**Assignment**
Pictures are to be left out, and only the lines below starting at the one with "мотор вентилятора охлаждения, 5500" and ending at the one with "硬闯你的生活漫画-图22" are to be reproduced, each exactly, both ends included.

**Listed entries**

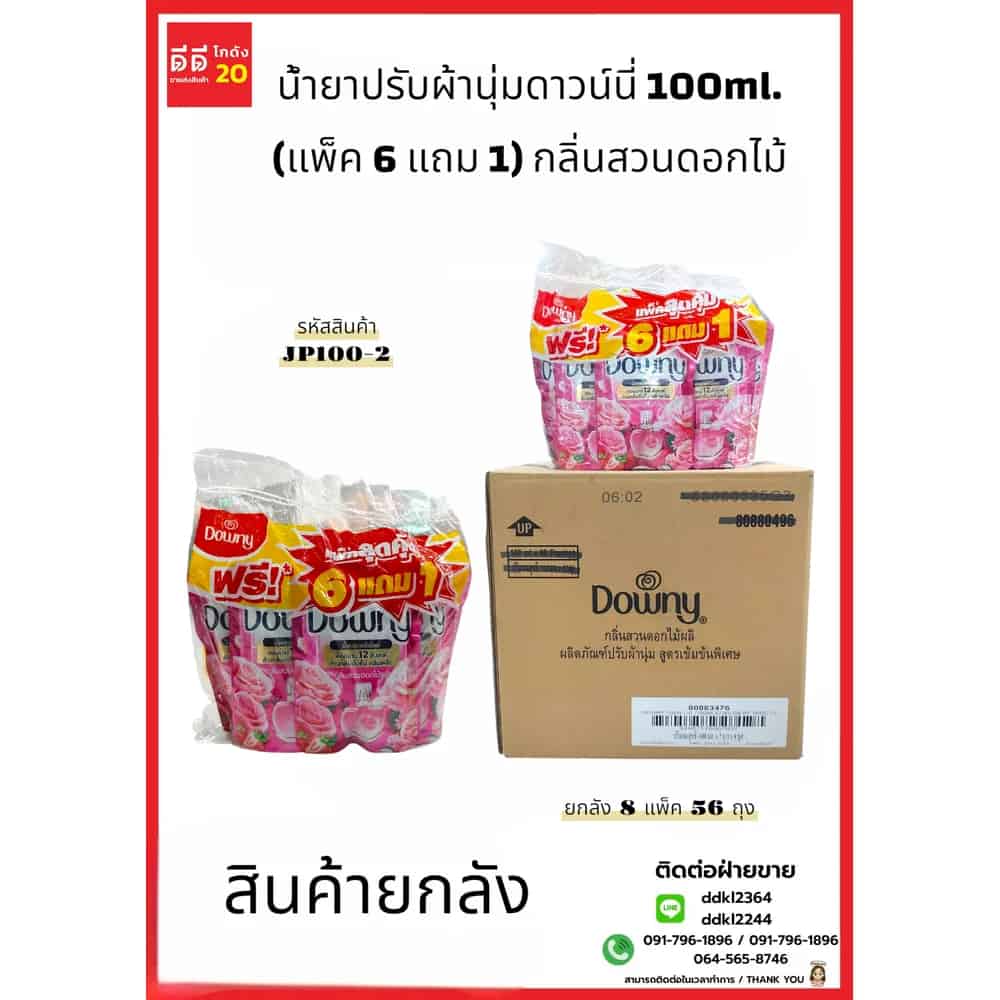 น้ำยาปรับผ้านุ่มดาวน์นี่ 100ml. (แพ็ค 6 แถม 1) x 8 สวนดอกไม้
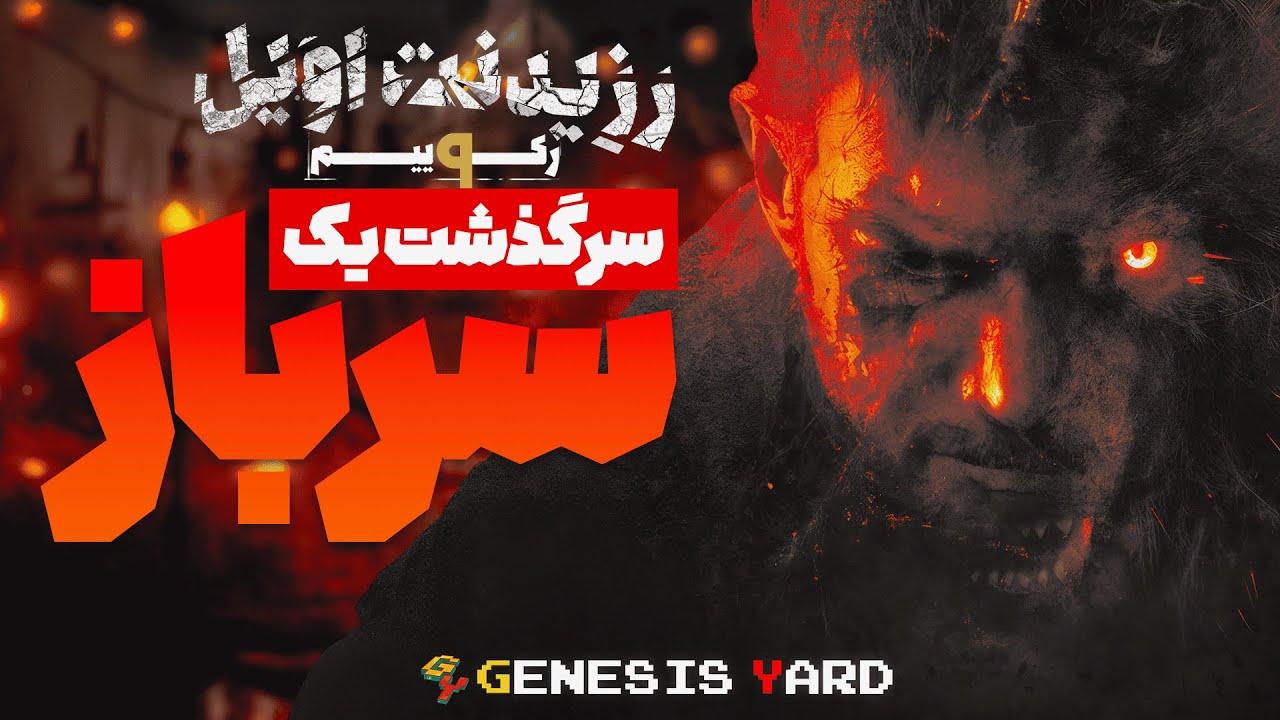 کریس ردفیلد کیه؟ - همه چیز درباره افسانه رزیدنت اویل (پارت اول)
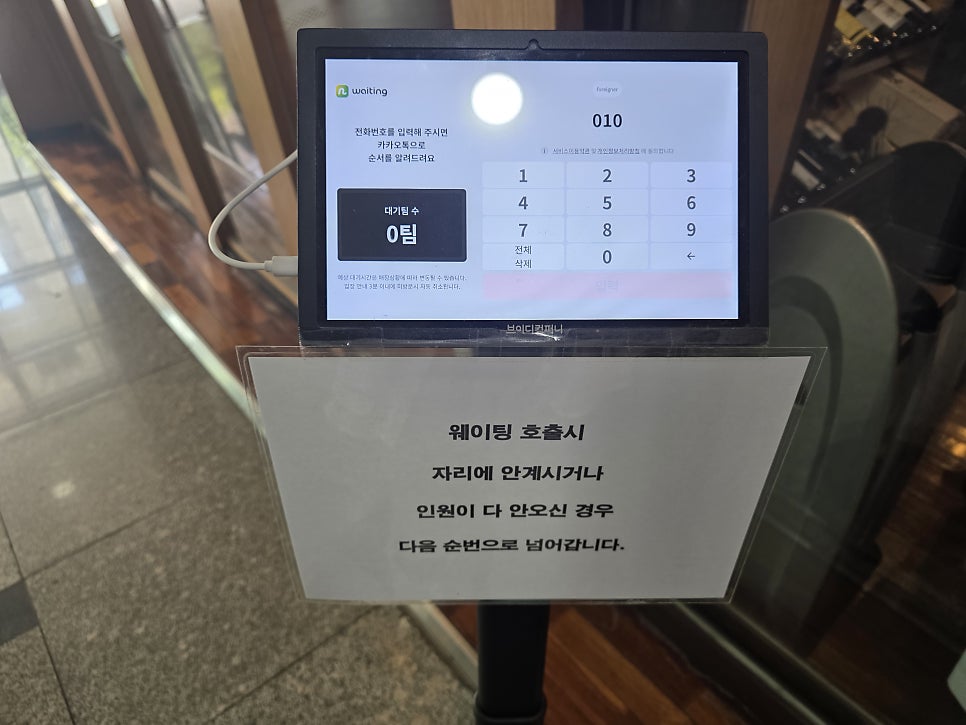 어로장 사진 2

==

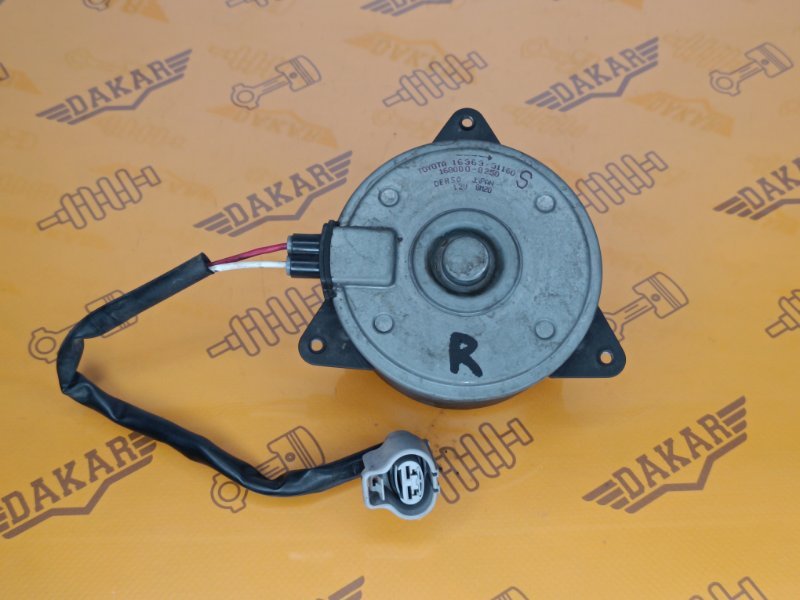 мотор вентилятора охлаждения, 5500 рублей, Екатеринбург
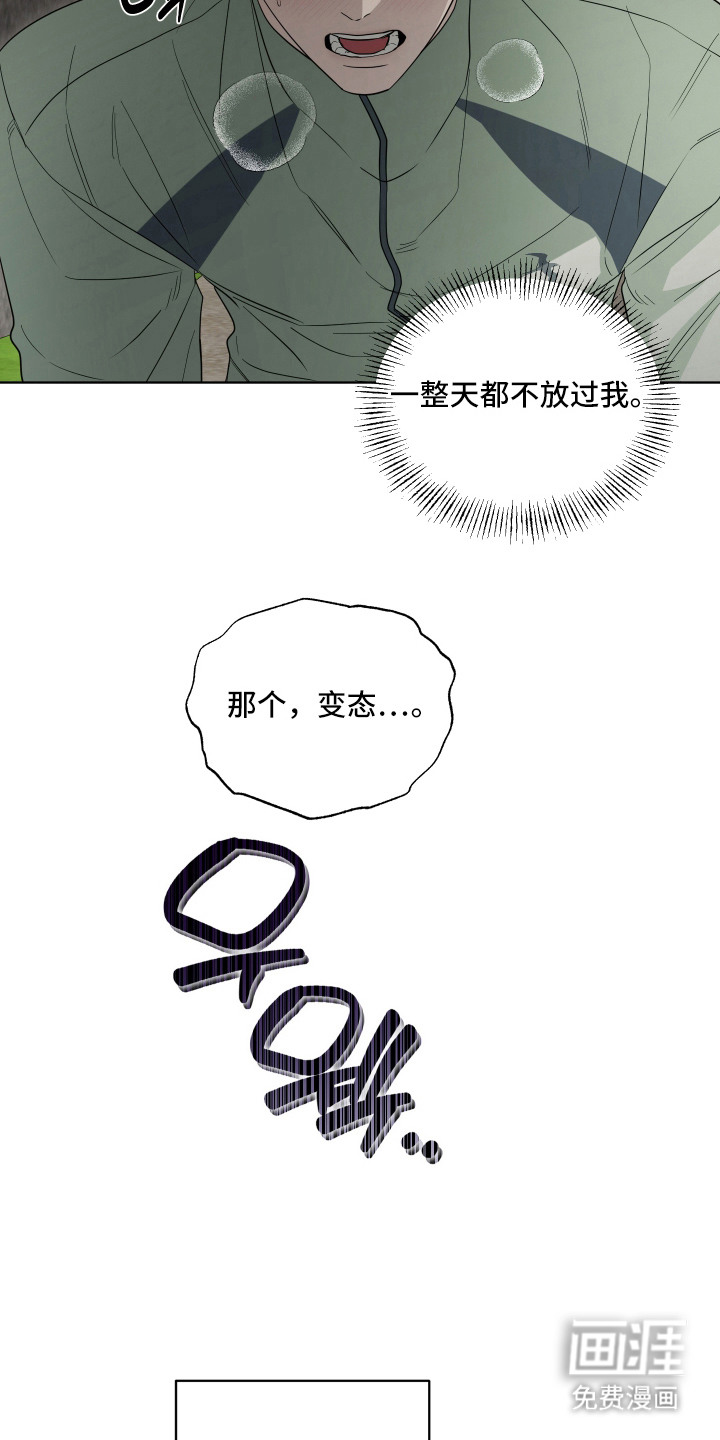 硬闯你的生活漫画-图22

**Answer to this task**
 мотор вентилятора охлаждения, 5500 рублей, Екатеринбург
 硬闯你的生活漫画-图22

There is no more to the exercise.